** DATASET RECORDS follows **

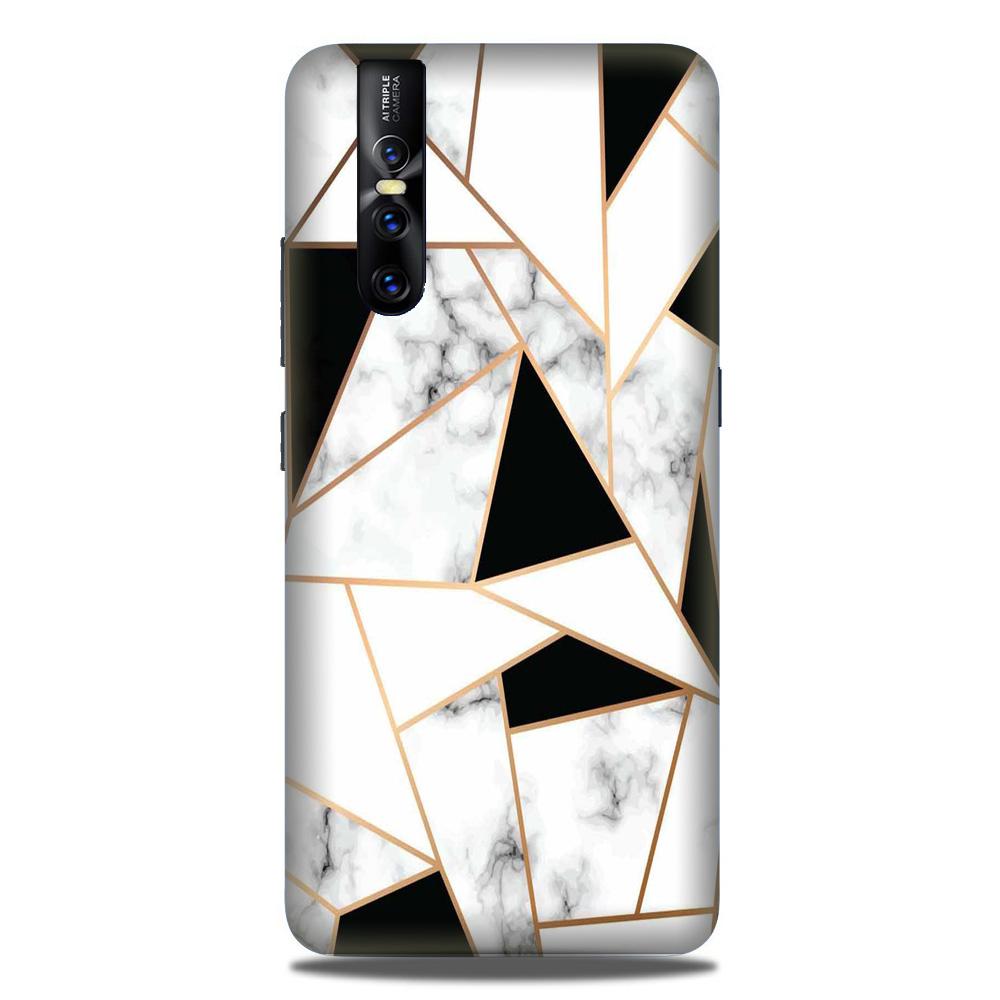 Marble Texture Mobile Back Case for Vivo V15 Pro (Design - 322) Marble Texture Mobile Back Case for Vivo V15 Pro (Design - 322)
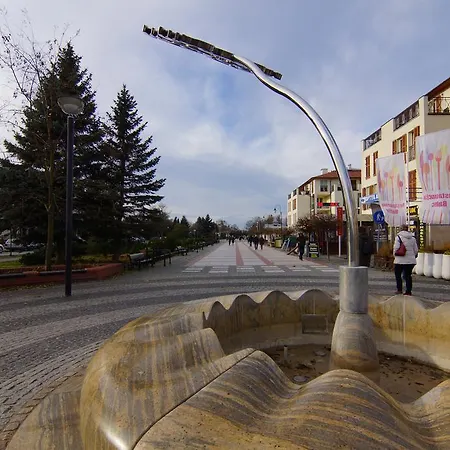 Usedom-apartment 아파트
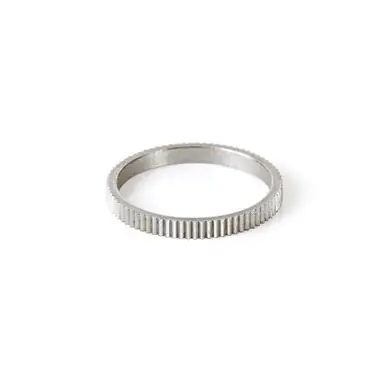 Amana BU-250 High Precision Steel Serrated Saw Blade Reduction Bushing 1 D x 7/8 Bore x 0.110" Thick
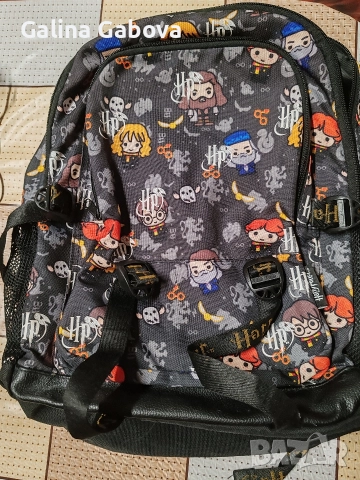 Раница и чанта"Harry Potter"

** End of DATASET RECORDS **
** DATASET RECORDS follows **

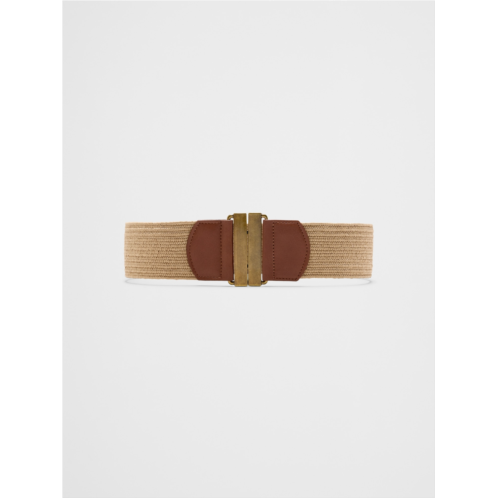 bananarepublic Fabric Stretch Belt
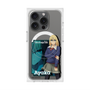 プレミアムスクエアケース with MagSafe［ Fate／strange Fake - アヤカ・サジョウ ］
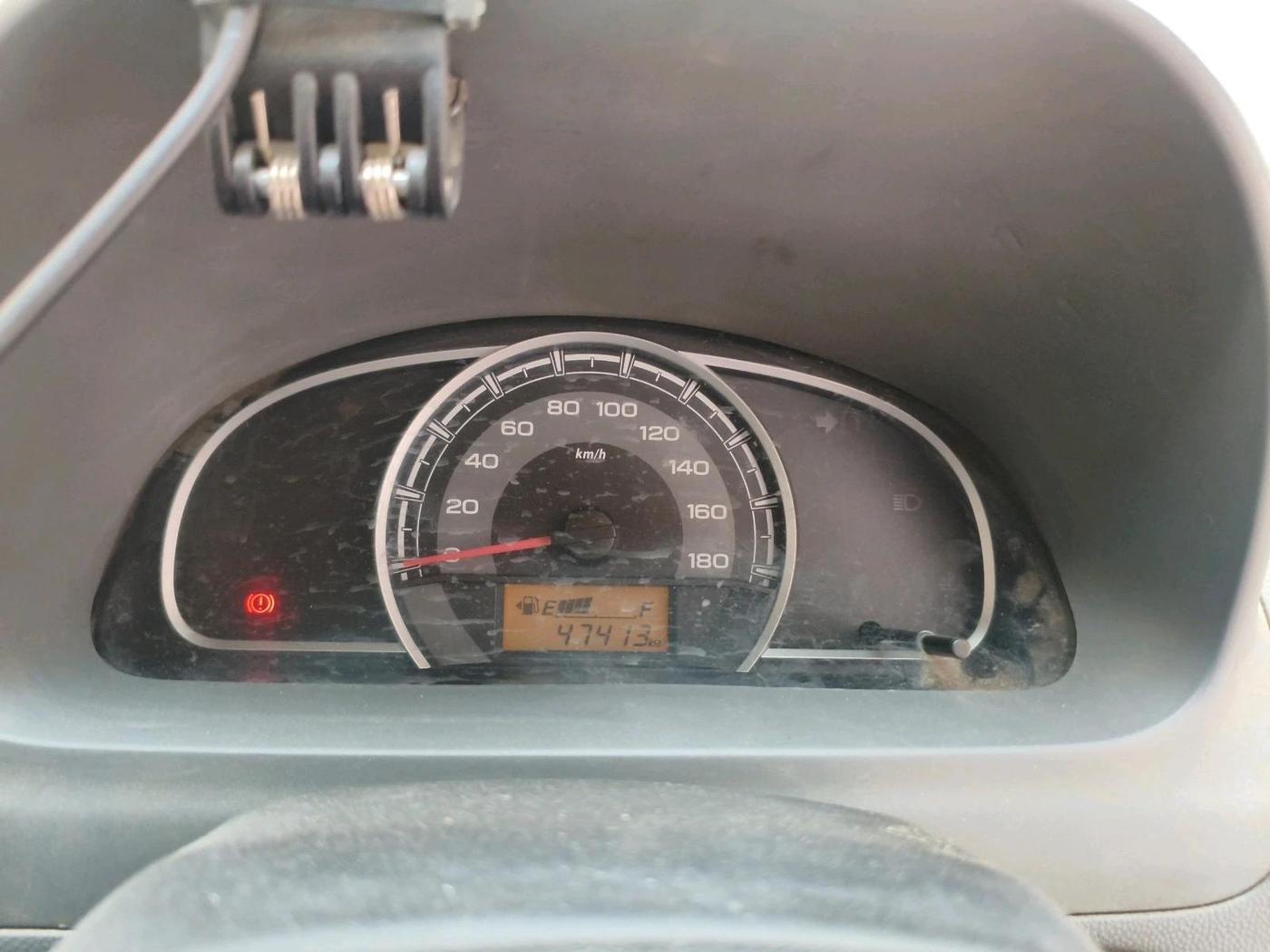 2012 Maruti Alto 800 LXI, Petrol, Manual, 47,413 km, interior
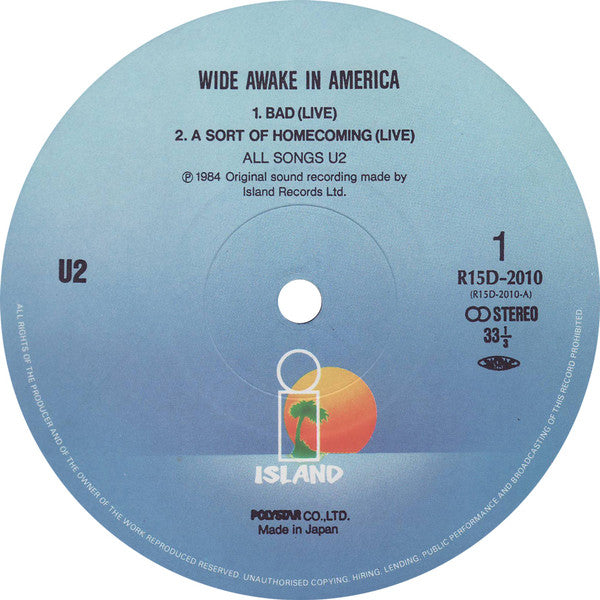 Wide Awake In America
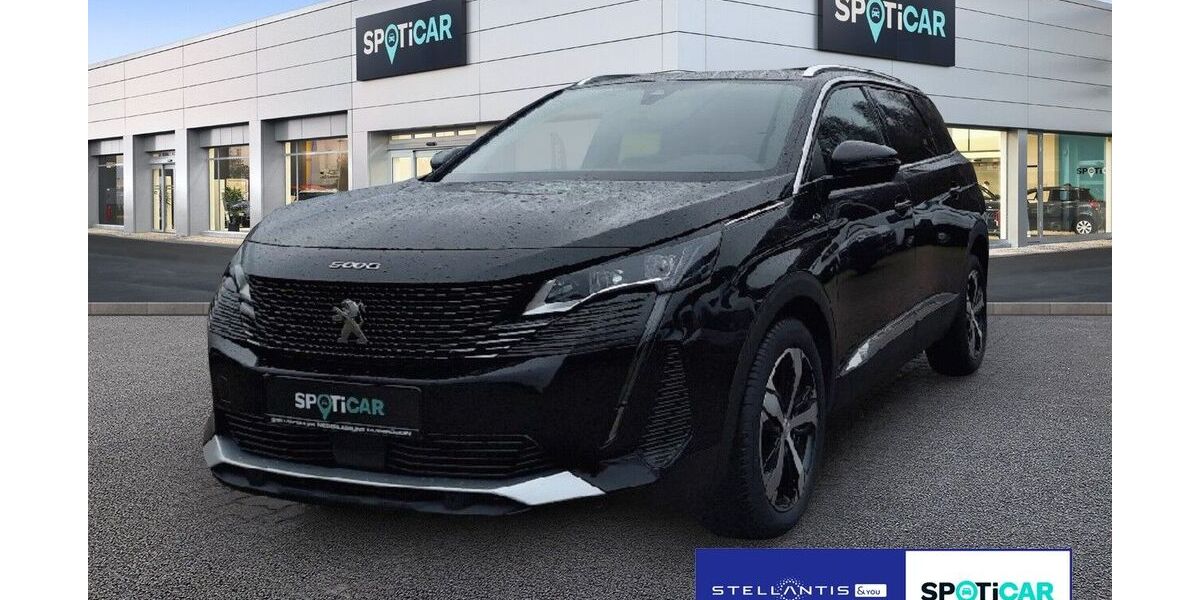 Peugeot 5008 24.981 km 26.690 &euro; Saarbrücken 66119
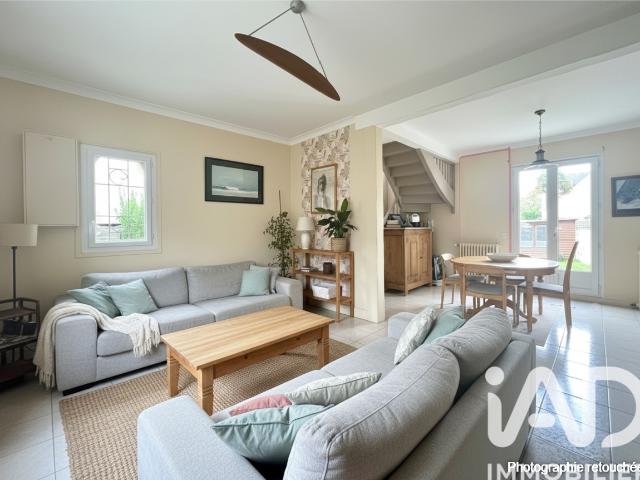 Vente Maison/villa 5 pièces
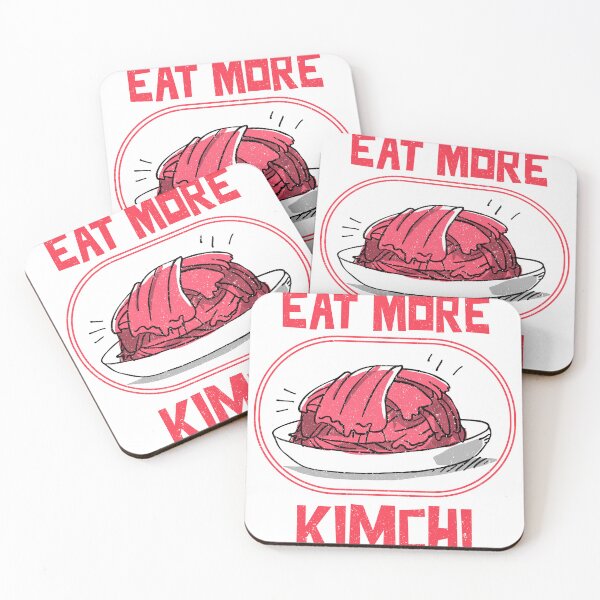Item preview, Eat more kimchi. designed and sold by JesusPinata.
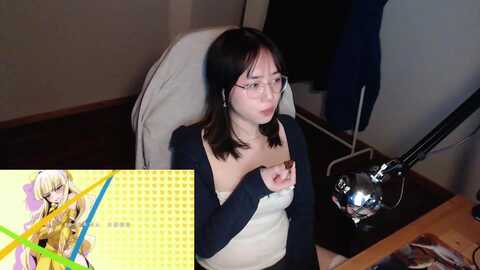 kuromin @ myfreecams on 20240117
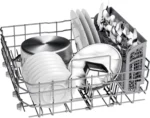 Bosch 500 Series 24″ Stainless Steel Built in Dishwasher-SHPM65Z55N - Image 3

** End of DATASET RECORDS **

▶ _EXERCISE REQUIREMENTS_
Beginning with the line above that has "2012 Maruti Alto" and going on through the line that has "Bosch 500 Series", retype every line exactly and add nothing else; drop the pictures.

▶ _SOLUTION TO THIS EXERCISE_
 2012 Maruti Alto 800 LXI, Petrol, Manual, 47,413 km, interior
 Wide Awake In America
 Peugeot 5008 24.981 km 26.690 &euro; Saarbrücken 66119
 Vente Maison/villa 5 pièces
Item preview, Eat more kimchi. designed and sold by JesusPinata.
 kuromin @ myfreecams on 20240117
 Bosch 500 Series 24″ Stainless Steel Built in Dishwasher-SHPM65Z55N - Image 3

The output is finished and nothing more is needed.